Would you return exactly the lines below from the line with "Lady Getting a Bath" through the line with "Alaşehir'de Üzüm Üreticileri Zor Durumda", both included, and nothing else, leaving out the pictures?

*** Opening of Record set ***

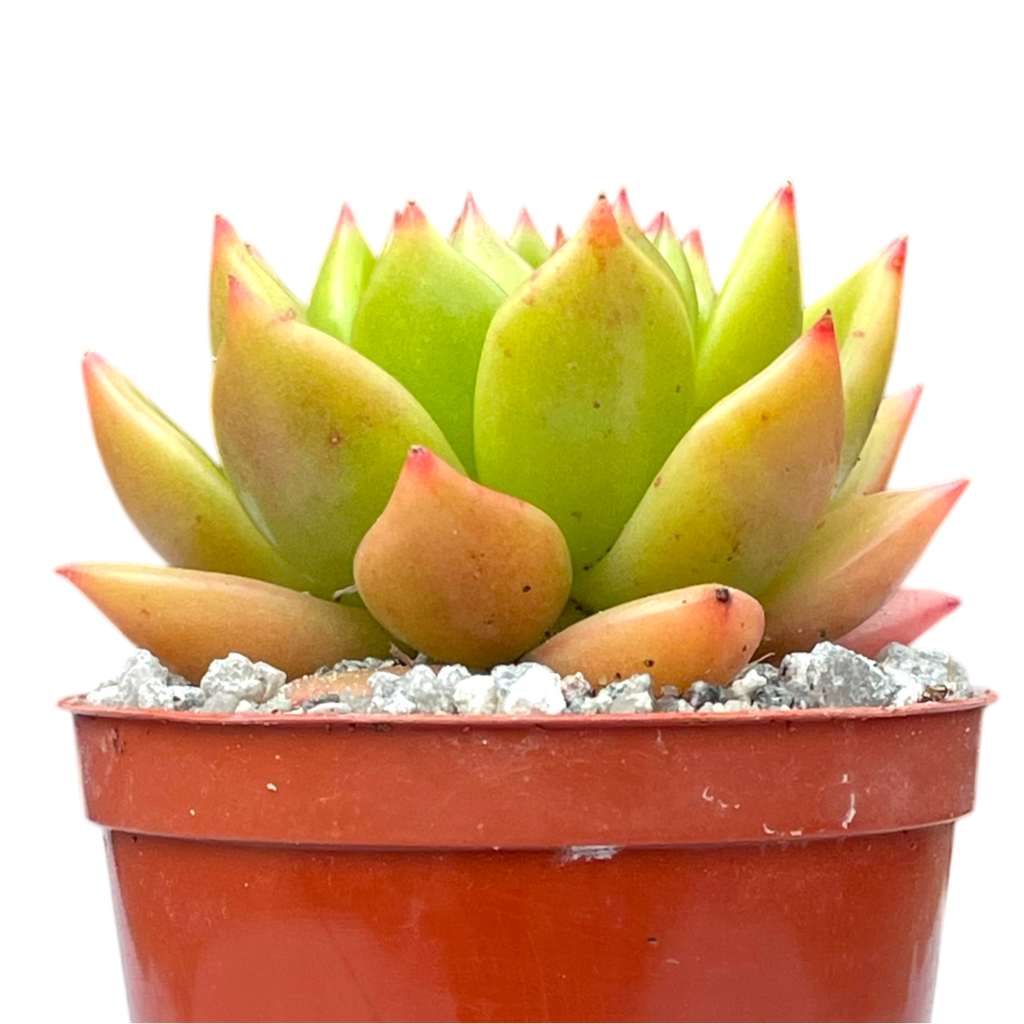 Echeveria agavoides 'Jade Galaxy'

*** Close of Record set ***
*** Opening of Record set ***

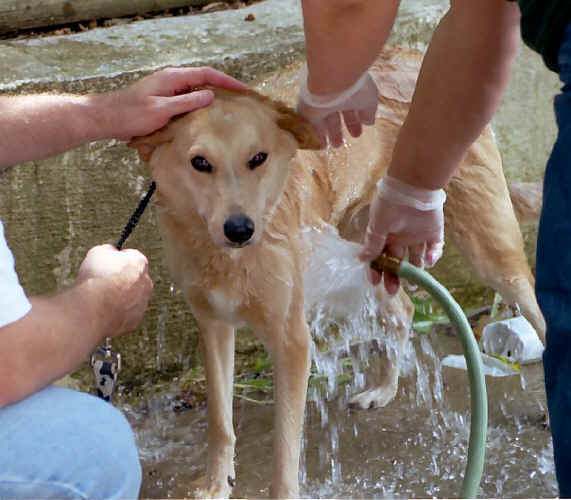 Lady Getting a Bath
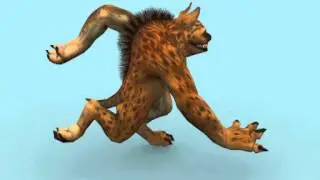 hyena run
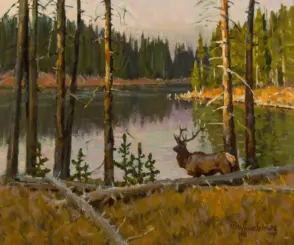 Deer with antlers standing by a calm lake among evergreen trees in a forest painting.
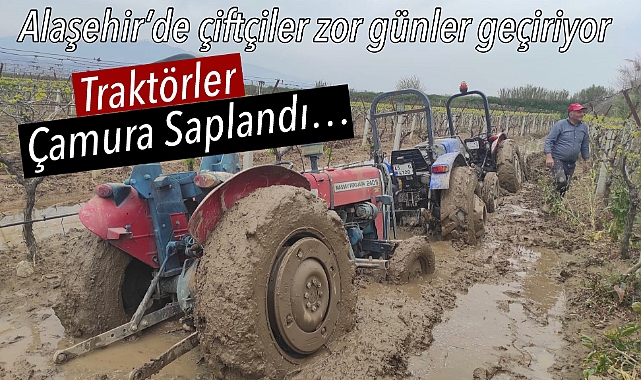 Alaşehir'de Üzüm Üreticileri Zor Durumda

*** Close of Record set ***
*** Opening of Record set ***

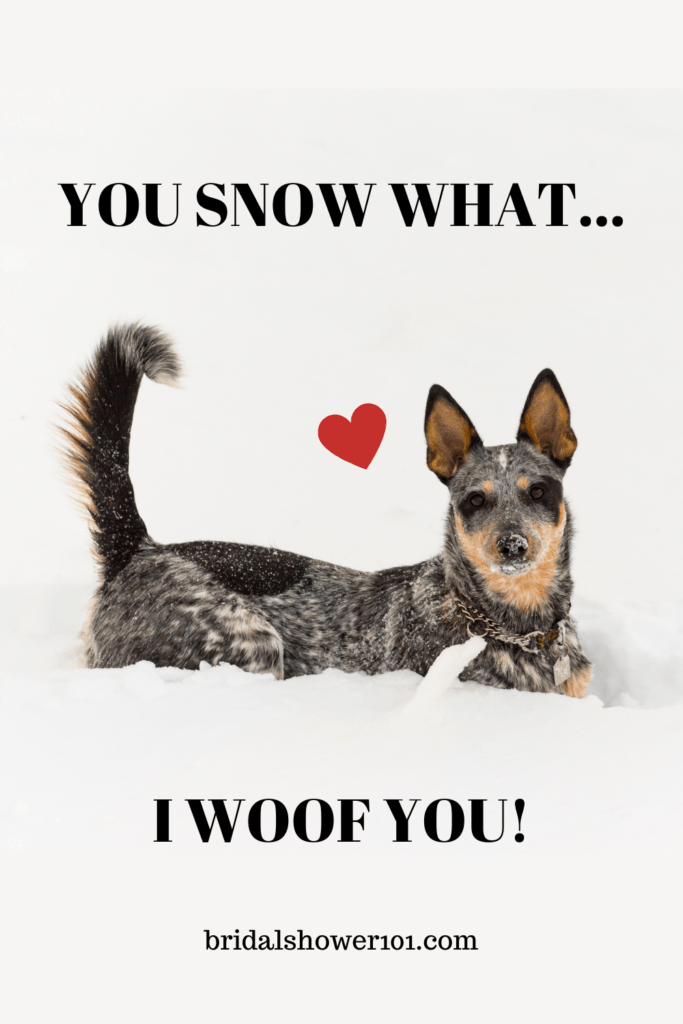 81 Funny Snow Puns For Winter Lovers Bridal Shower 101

*** Close of Record set ***

Task response =
 Lady Getting a Bath
 hyena run
 Deer with antlers standing by a calm lake among evergreen trees in a forest painting.
 Alaşehir'de Üzüm Üreticileri Zor Durumda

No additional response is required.